As security culture intensifies and cameras are installed and walls are built and our cities become slowly fortified – Baghdad, for instance, as Dexter Filkins writes in tomorrow’s *NYTimes*, “seems a city transported from the Middle Ages: a scattering of high-walled fortresses, each protected by a group of armed men.

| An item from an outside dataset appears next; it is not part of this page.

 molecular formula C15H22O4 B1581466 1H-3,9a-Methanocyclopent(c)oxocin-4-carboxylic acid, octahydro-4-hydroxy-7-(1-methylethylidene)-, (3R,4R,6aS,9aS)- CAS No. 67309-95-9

The area between the forts is a lawless no man’s land, menaced by bandits and brigands” – I’m left wondering if perhaps Belfast – yes, Belfast, though maybe Derry (once the most televised city on earth due to the incredible extent of its police CCTV network) – could someday serve as a predictive future history for cities like London and New York – or, for that matter, Baghdad.
‘O land of password, handgrip, wink and nod,
Of open minds as open as a trap,
Where tongues lie coiled, as under flames lie wicks,
Where half of us, as in a wooden horse
Were cabin’d and confined like wily Greeks,
Besieged within the siege, whispering morse.
This morning from a dewy motorway
I saw the new camp for the internees:
A bomb had left a crater of fresh clay
In the roadside, and over in the trees
Machine-gun posts defined a real stockade.
There was that white mist you get on a low ground
And it was déjà-vu, some film made
Of Stalag 17, a bad dream with no sound.